アイリッシュ・タイムズの法人税サミットでの議論で、オルーク氏は、欧州委員会がアップルに税金の返還を求めるのは権限を超えていると主張した。資金返還の決定は「判断ミス」だったと述べ、オルーク氏は規制当局に対し「法律を無視して行うのは、正しいやり方ではない」と警告した。
オルーク氏は、アイルランド政府が返還命令に異議を申し立てたのは正当だと考えている。事件の詳細を知る者なら、その金が実際にアイルランドのものだと信じるはずがないと主張している。また、判決が政治利用されない限り、欧州委員会による返還要求の決定は、欧州司法裁判所に持ち込まれれば覆されるだろうと確信している。
オルーク氏はプライスウォーターハウスクーパースでの役職のほかに、アイルランド政府の顧問も務めており、多国籍企業がアイルランドで事業を展開するよう促すインセンティブの創出に協力している。
アイルランド政府によるアップルの税制訴訟への対応も将来の投資に影響を与える可能性があり、オルーク氏は判決に国際的な注目が集まると警告している。アイルランドは安定した税制環境と低い税率を誇り、大企業にとって魅力的な国である一方、欧州委員会がアイルランドとアップルの間の協定に介入することで、この安定性が脅かされる可能性があるとオルーク氏は指摘する。
アイルランドにおけるアップルの税務調査は昨年8月に終了し、欧州委員会はアップルの欧州での利益に対する税率が違法に低く、2014年には0.005%、2003年には1%だったと主張した。アイルランドはアップルに「違法な税制優遇措置」を与え、時間の経過とともに最小限の税額を保証するためにその場で「リバースエンジニアリング」されたと非難されている。

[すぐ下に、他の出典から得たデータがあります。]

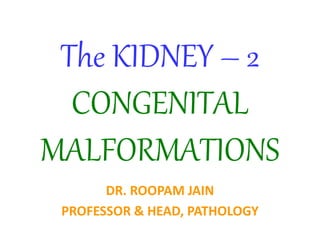 The KIDNEY – 2
CONGENITAL
MALFORMATIONS
DR. ROOPAM JAIN
PROFESSOR & HEAD, PATHOLOGY
 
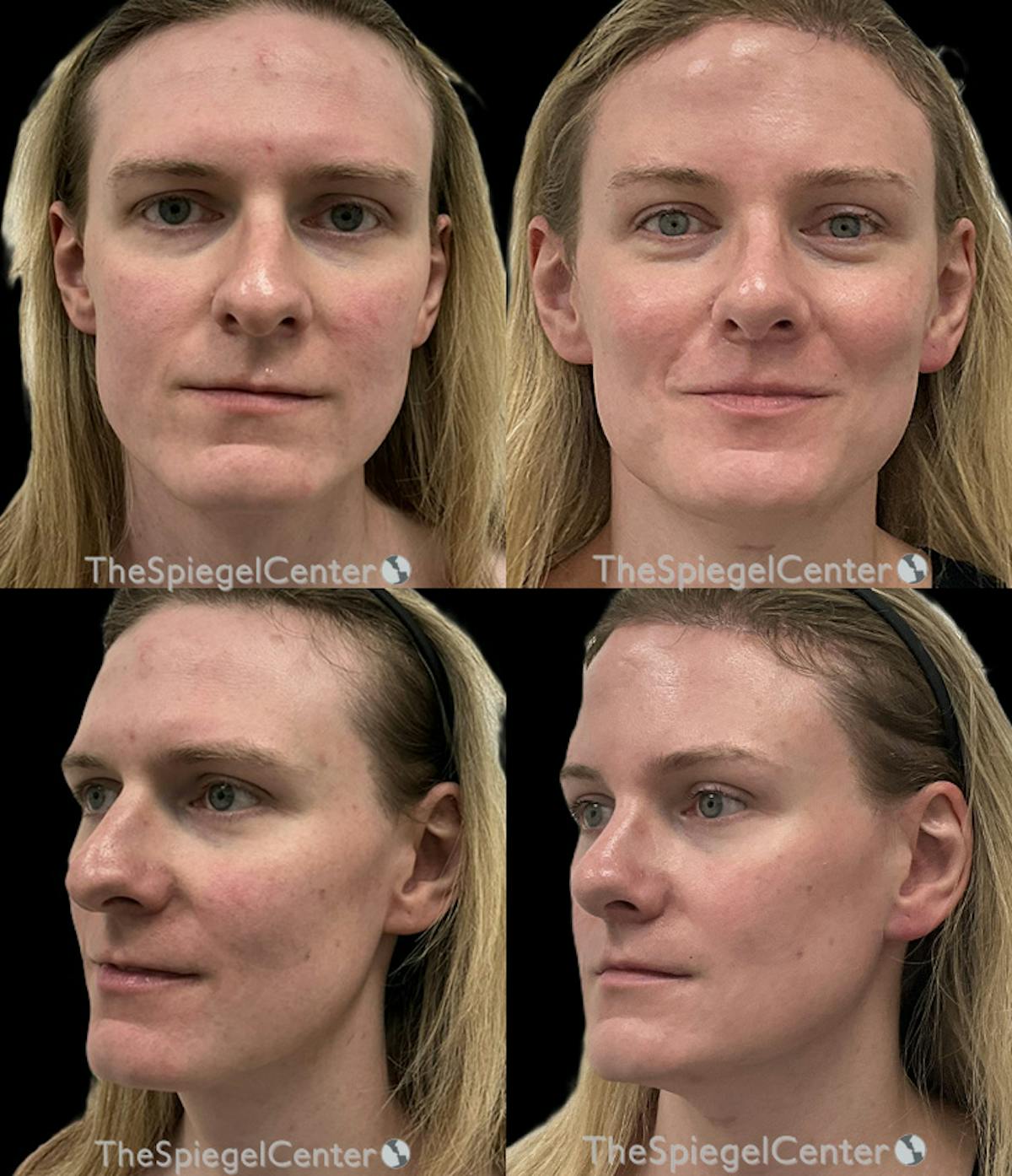 FFS Before & After Gallery - Patient 388797 - Image 1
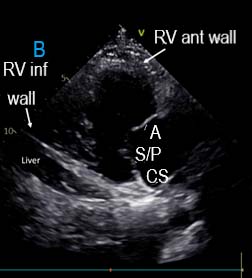 RV inflow Fig B 看不到中隔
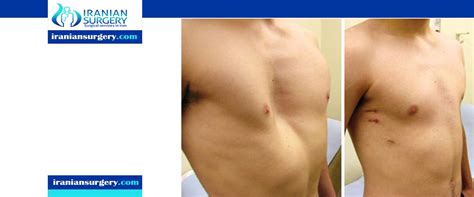 chest wall deformities types  chest wall deformities iranian surgery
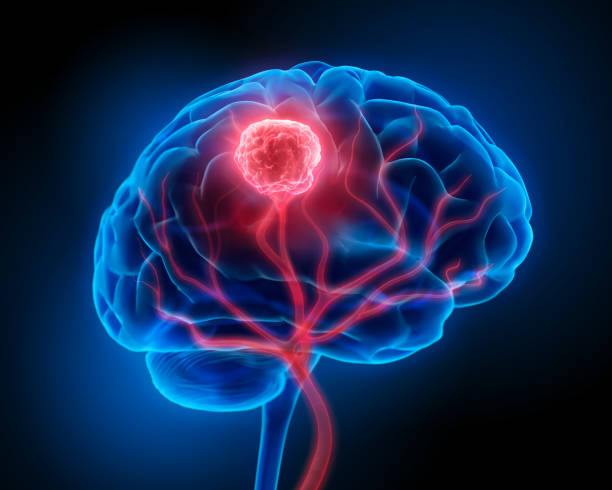 Brain Tumor Human brain with tumor - 3D illustration brain tumour stock pictures, royalty-free photos & images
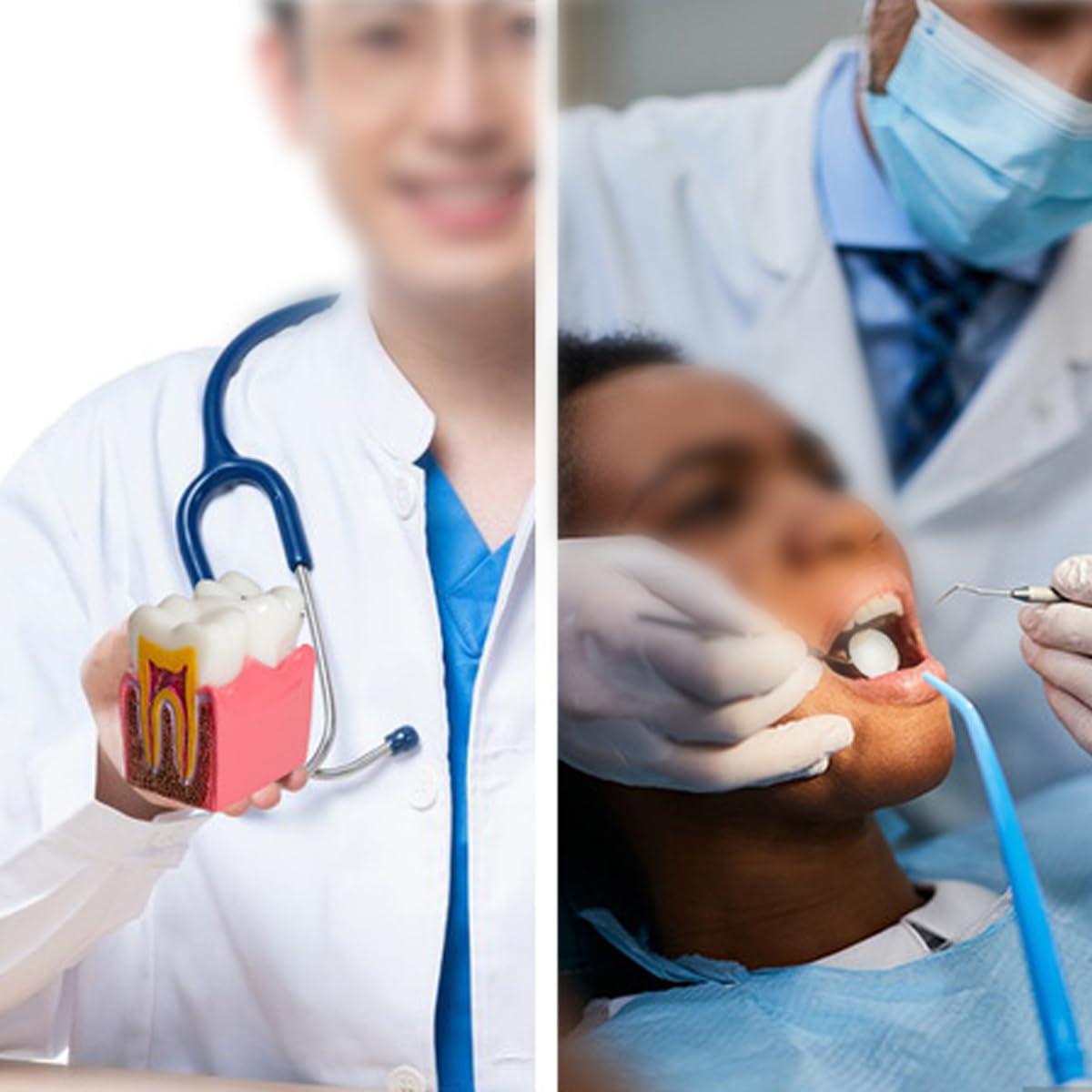 Sarini Modèle Dentaire, modèle d'étude de comparaison des Caries, modèle d'enseignement de l'anatomie Dentaire pour dentistes, adapté aux dentistes, aux Patients, aux Enseignants et aux étudiants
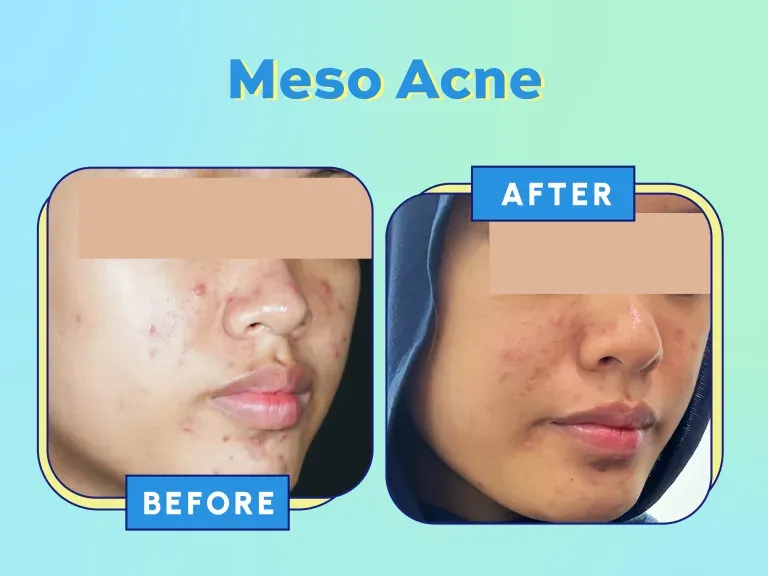 Before After Meso Acne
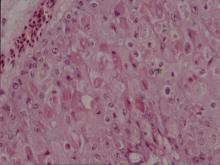 圖4：上圖高倍相，可見多數大小不一的嗜酸性質內包涵體。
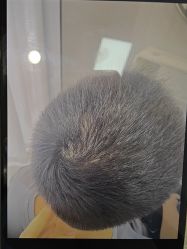 -大麦微针植发丨全国连锁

Appleとアイルランドは共にこの判決に異議を唱えており、アイルランド政府は判決内容に「根本的に反対」し、未払いの税金の返還に抵抗している。Appleは、欧州連合(EU)が「数十年にわたるアイルランドの税法、米国の税法、そして税制に関する世界的なコンセンサスを無視して、一方的な行動を取り、規則を変更した」と主張している。
12月、AppleのCEOティム・クック氏をはじめとする幹部は、判決と今後の対応について協議するためアイルランドに招待された。クック氏は出席を辞退した。Appleは、訴訟の法的複雑さを理由に出席を辞退したが、アイルランドの政治家たちはこの措置を「アイルランド国民への侮辱」とみなした。